La sublimation n’est donc pas tellement dans le fait, dont nous avons déjà parlé, de se libérer – par presque n’importe quels moyens – de ses sentiments et de ses frustrations, et en particulier à l’intérieur d’une œuvre, ce que nous avons appelé «le cri», et ce n’est donc plus ici le sens extérieur, bien conscient, de l’œuvre qui nous intéresse: nous ne parlerons donc plus guère du cri de souffrance qu’il a poussé, ni des sujets abordant directement la laideur (ce que nous avons traité en III, V, et VI).
La sublimation est surtout le processus de la constitution d’une sorte de diversion (diversion puisqu’on ne mentionne plus ouvertement la laideur, et que c’est indirectement qu’on luttera contre ses effets) qui vise à réduire la souffrance d’une façon positive.
C’est pourquoi nous allons étudier maintenant comment l’œuvre de Barbey concrètement se manifeste comme une conséquence de la blessure, une réponse précise sur ce terrain précis à cette blessure, et comme sa sublimation dans la plupart de ses caractéristiques.
L’œuvre en elle-même, (même mis à part son contenu précis à propos des sentiments et des frustrations), est ce que Jules a sans doute pu trouver de plus efficace pour faire pièce aux affirmations des parents: tu es laid.
L’œuvre aurevillien(ne) comme résultat d’une sublimation. VII.4.
Barbey avait bien conscience, (ses expressions sont assez significatives) que son œuvre avait commencé par un déclic dû à la blessure d’une souffrance, déclic qui avait entraîné toute une gamme de réactions, dans le comportement, dont une protestation qui s’est petit à petit «organisée»… Jusqu’ici, nous avions étudié cette compensation voulue, et dont il avait presque totalement clairement conscience.
Nous aimerions montrer maintenant comment le moyen qu’il a choisi remplit son but encore mieux qu’il ne le pense, et relève de tous les niveaux de sa personnalité, en particulier de l’inconscient.

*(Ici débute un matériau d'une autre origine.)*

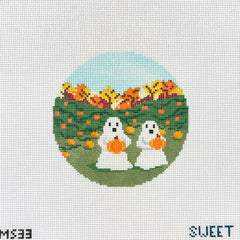 The Gingham Stitchery Ghosts Picking Pumpkins Needlepoint Canvas
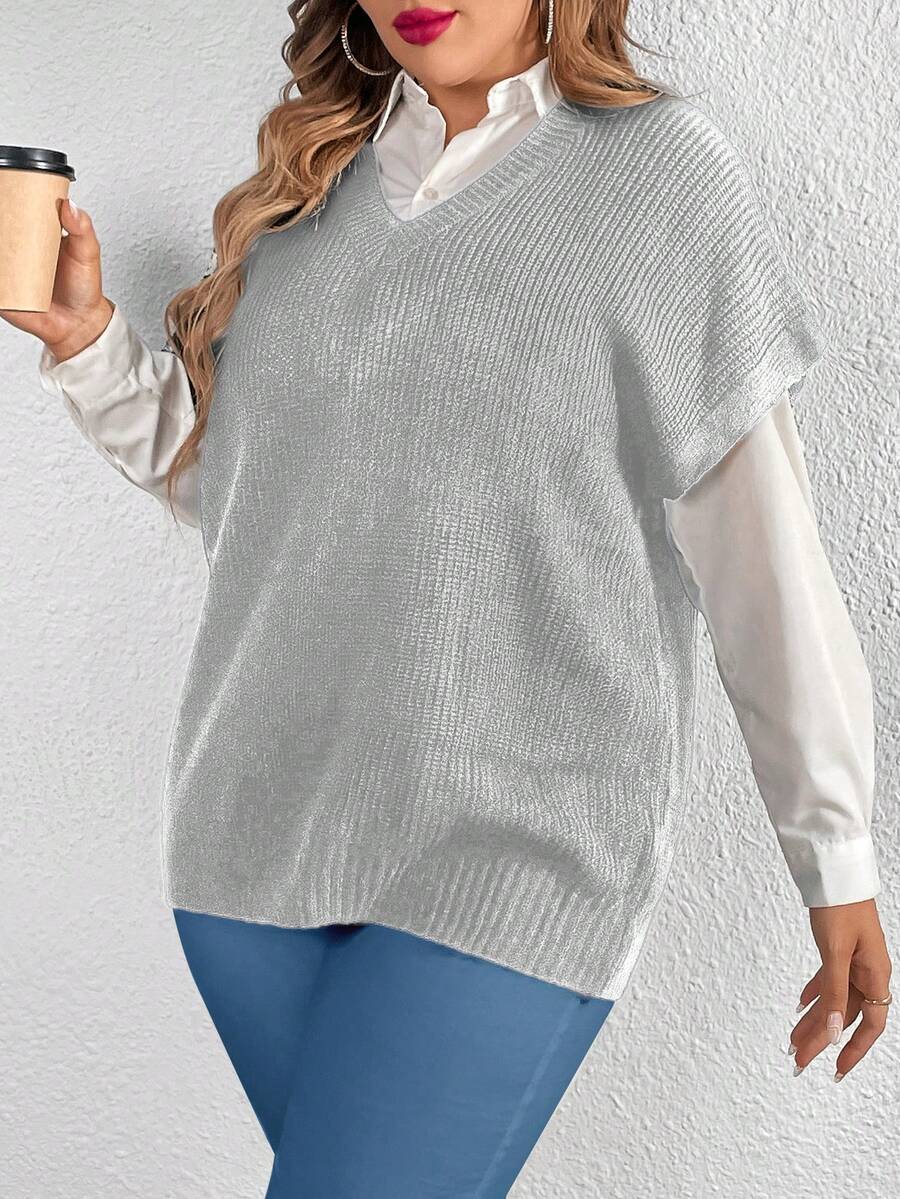 Calvaya Hơn 1 Miếng Chất rắn Cổ v Knit ngọn - Màu Xám nhạt - Xem 1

L’œuvre se manifeste en effet comme un objet semblable aux rêves, aux lapsus, aux activités inconscientes et conscientes.
Dans leur livre au titre significatif, Plaidoyer pour une critique littéraire psychanalytique, dans la revue Applications de la psychanalyse, Roland Gori et Marcel Thaon expliquent qu’on peut travailler sur l’œuvre littéraire comme on le fait sur les autres manifestations de l’esprit humain:
«- Comme toutes les formations de l’inconscient, l’œuvre (…) exprime et masque à la fois dans son contenu ce qui l’a fait surgir dans le procès de l’écriture.
– En outre, comme les autres formations de l’inconscient, l’œuvre littéraire constitue le matériel manifeste qui masque et révèle à la fois un contenu latent. Ce qui ne veut pas dire que le texte apparent soit sans rapport avec la structure latente, bien au contraire, puisque celle-ci le détermine dans ses moindres détails. Il s’agit souvent du même texte, mais ponctué, scandé différemment, vu et entendu d’une autre manière. Ce que Freud nomme la double détermination des symptômes, comme triomphe et servitude de l’esprit à satisfaire deux maîtres à la fois: le désir et la défense, le sens et le non-sens.
– Une dernière analogie réside dans le constat que les procédés à l’œuvre dans la formation du rêve – condensation, déplacement, renversement en son contraire, dramatisation des idées latentes – se retrouvent dans le travail d’écriture, et ce notamment dans les figures de rhétorique (métaphore, métonymie etc.)»[74]
Peut-on préciser plus exactement comment se fit l’élaboration de l’œuvre chez Barbey? Il s’agit ici presque d’alchimie. Partant d’éléments donnés, voire imposés par la vie, la liberté ajoute ceux qui sont remarqués, guettés, cherchés, et même construits par l’être vivant. Tous ces éléments, l’écrivain les a manipulés, agencés, modifiés pour des fins que lui est seul à connaître au début, comme en chimie, en cuisine, en maçonnerie, on utilise des matériaux, des outils, des techniques bien particulières chaque fois selon le but à atteindre. Le lecteur voit le résultat mais ne s’y connaît guère pour discerner la manière dont l’écrivain y est arrivé: il apprécie ou non l’œuvre.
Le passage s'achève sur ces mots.